We are interested in genetic associations between cognitive executive functions and behavior. Executive function deficits have been implicated in almost every form of psychopathology, and some of our research suggests these deficits relate to variance common across psychiatric symptoms. However, the extent to which these relations are genetic is not well established. The aim of this study is to evaluate the genetic influences on behavioral and neural measures related to executive functions and the extent to which these are shared with those for general cognitive ability, general and specific psychopathology, risky and sexual behaviors, and behavior problems more generally. Executive functions have been implicated in common psychiatric disorders, general health (diet, exercise, and sleep), and potentially harmful behaviors related to externalizing disorders (substance use, aggression, sexual behaviors, and risk-taking). Indeed, they have been proposed as endophenotypes for many disorders.

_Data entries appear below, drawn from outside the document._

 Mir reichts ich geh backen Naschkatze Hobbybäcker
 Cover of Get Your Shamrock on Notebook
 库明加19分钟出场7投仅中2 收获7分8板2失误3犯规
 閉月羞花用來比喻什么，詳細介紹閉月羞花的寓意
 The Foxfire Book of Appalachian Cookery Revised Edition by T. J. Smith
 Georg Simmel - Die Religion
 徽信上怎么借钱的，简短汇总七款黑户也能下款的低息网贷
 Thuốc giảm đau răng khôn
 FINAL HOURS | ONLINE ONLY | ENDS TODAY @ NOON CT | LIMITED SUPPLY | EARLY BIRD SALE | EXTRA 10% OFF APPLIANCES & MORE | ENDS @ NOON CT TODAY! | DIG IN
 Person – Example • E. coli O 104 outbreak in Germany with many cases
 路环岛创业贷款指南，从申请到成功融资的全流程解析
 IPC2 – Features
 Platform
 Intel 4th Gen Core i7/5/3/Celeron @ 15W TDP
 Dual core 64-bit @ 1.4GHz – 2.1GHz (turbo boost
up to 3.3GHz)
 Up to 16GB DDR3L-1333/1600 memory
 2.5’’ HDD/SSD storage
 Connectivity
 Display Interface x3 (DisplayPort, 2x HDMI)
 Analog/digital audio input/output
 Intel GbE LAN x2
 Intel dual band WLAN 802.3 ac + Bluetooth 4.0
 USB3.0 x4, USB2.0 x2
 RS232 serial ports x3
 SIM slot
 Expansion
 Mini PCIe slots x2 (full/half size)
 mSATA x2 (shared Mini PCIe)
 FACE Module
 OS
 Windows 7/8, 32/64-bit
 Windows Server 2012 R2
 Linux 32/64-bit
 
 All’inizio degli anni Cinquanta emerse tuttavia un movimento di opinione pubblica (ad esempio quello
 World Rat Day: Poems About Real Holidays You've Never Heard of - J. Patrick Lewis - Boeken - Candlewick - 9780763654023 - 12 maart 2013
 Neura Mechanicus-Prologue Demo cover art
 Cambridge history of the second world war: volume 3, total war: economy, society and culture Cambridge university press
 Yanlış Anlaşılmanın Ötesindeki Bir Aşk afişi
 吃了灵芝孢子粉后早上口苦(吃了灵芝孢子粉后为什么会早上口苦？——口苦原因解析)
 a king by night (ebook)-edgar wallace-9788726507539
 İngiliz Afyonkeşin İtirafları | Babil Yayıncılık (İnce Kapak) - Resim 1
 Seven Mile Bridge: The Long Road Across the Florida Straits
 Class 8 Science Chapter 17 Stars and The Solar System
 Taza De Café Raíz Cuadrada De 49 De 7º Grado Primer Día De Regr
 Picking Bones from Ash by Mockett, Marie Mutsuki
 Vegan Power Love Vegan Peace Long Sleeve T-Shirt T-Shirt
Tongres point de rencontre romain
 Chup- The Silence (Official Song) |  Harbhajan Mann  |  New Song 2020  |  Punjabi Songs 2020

However, the extent to which these links are genetic is not clear, nor are the neural substrates of individual differences in these abilities and behaviors. The UKbiobank data will allow new analyses of the nature of these relations, which can lead to a greater understanding of these cognitive abilities and related health outcomes. We will create composites of general intelligence, executive functions, and self-report psychosocial and health behaviors. We will use fMRI resting state correlation matrices to create a measure of task-positive to task-negative network connectivity and graph theoretic measures. We will then use genetic data to investigate whether certain genetic variants predict these measures, how well we can predict these measures by considering all genetic data simultaneously, and how these measures genetically correlate with each other. Our methods require large samples; we would like access to all whole genome genotyped data.